- Dataset section -
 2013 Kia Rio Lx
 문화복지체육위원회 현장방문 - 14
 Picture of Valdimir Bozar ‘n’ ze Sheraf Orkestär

- Activity -
Would you write out the full listing exactly as given?

- Solution to this problem -
 2013 Kia Rio Lx
 문화복지체육위원회 현장방문 - 14
 Picture of Valdimir Bozar ‘n’ ze Sheraf Orkestär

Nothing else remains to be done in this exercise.